Na mitologia, o Bobo aparece como um símbolo tanto de começos quanto de finais, um guardião da fronteira entre o conhecido e o desconhecido. Ele vive no limiar porque sua visão é de unidade. Ele percebe a interconexão das coisas, os fios que formam juntos a teia da vida. Onde outros veem divisão e conflito, o Bobo vê harmonia e cooperação. Seu coração está sintonizado com os ritmos da natureza, seu espírito em comunhão com o Cosmos. Por meio do olhar do Bobo, somos lembrados de que não somos seres isolados, mas partes de um todo.

Na arte, a presença do Bobo é um sopro de ar fresco, uma lembrança do poder da imaginação e da importância de brincar. Ele perturba a visão concreta com suas criações convidando a ver o mundo através da lente do encanto. A arte do Bobo, muito além de maestria ou perfeição, é se permitir errar, sobre expressão e autenticidade. Ele ensina que a criatividade brota do caos cheio de possibilidades, sem os limites de regras e convenções.

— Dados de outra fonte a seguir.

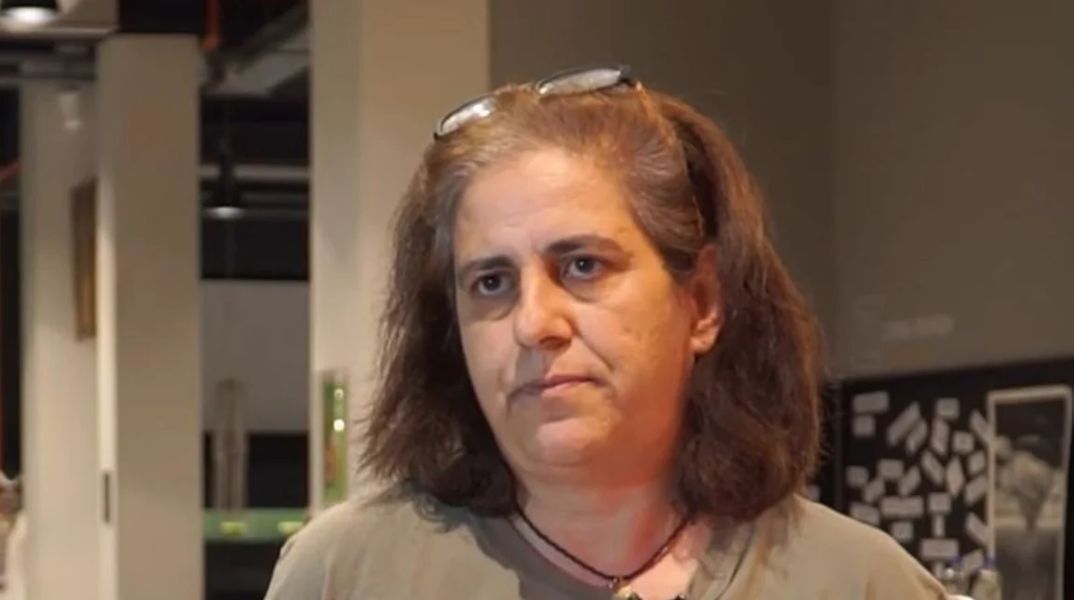 Πέθανε η Στέφη Πετρίδη - Γόνος της οικογένειας με το brand παπουτσιών Fratelli Petridi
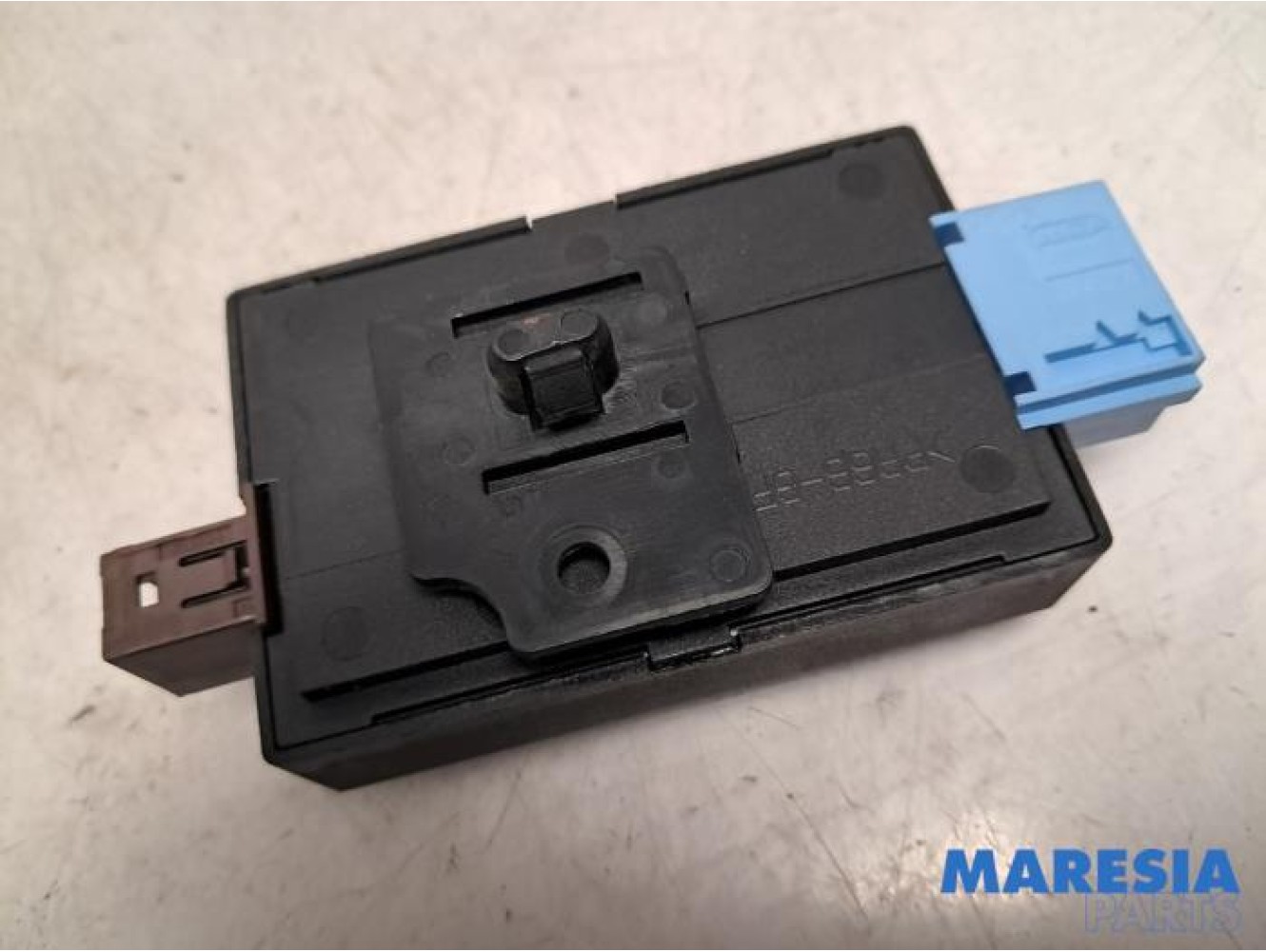 Citroen - C5 - Alarm module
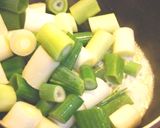 ネギグラタン（お豆腐ホワイトソースで♪）作り方2写真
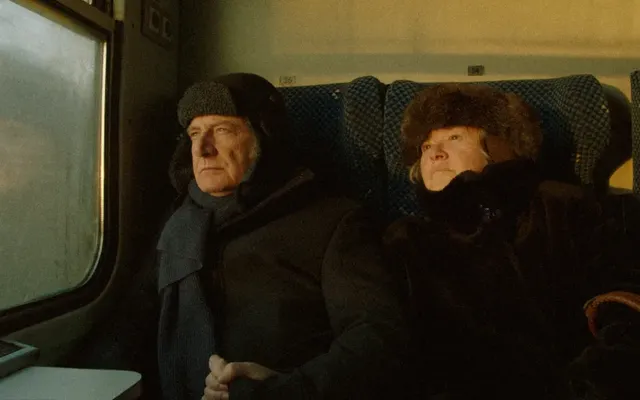 Kristina Grozeva and Petar Valchanov Probe Corruption and Pro-Russia Nostalgia in ‘Black Money for White Nights’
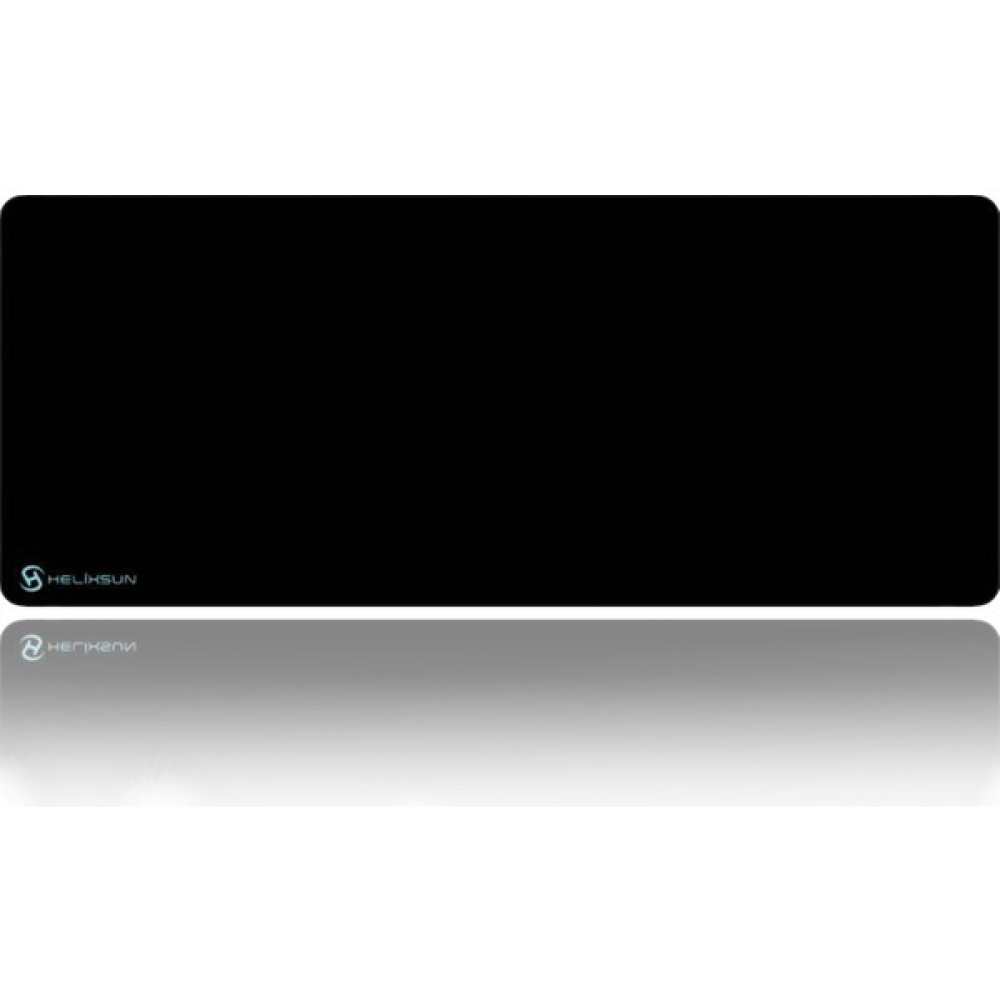 Helixsun Mouse Pad Büyük Boy Renkli Gaming Oyuncu Xxl 90X40 cm - Siyah Mouse Pad Fiyatı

No entanto, em nosso mundo concreto e poluído, o Bobo é muitas vezes marginalizado, sua sabedoria descartada como tolice. Numa cultura que valoriza o intelecto acima da intuição e tem o sucesso material como métrica de realização, a visão do Bobo é um ato radical de rebeldia. Ele nos desafia a reconsiderar nossas prioridades, a questionar as narrativas que nos foram contadas e a nos reconectar com verdades que existem em todos nós.

O Bobo nos faz redescobrir a criança dentro de nós, deixando de lado nossos medos e dúvidas, abrindo o coração para a magia do agora e confiar no desenrolar das coisas. O Bobo nos ensina a viver a vida, a rir diante da adversidade e a encontrar beleza nos lugares e momentos mais inesperados. 

Quando a humanidade, esgotada e faminta de sentido, reconhecer sua pobreza espiritual, estará pronta para receber novamente o espírito da imaginação. Então, das ruínas da mecanização, renascerá uma nova consciência poética da vida, onde o Bobo será reconhecido como expressão de uma essência divina.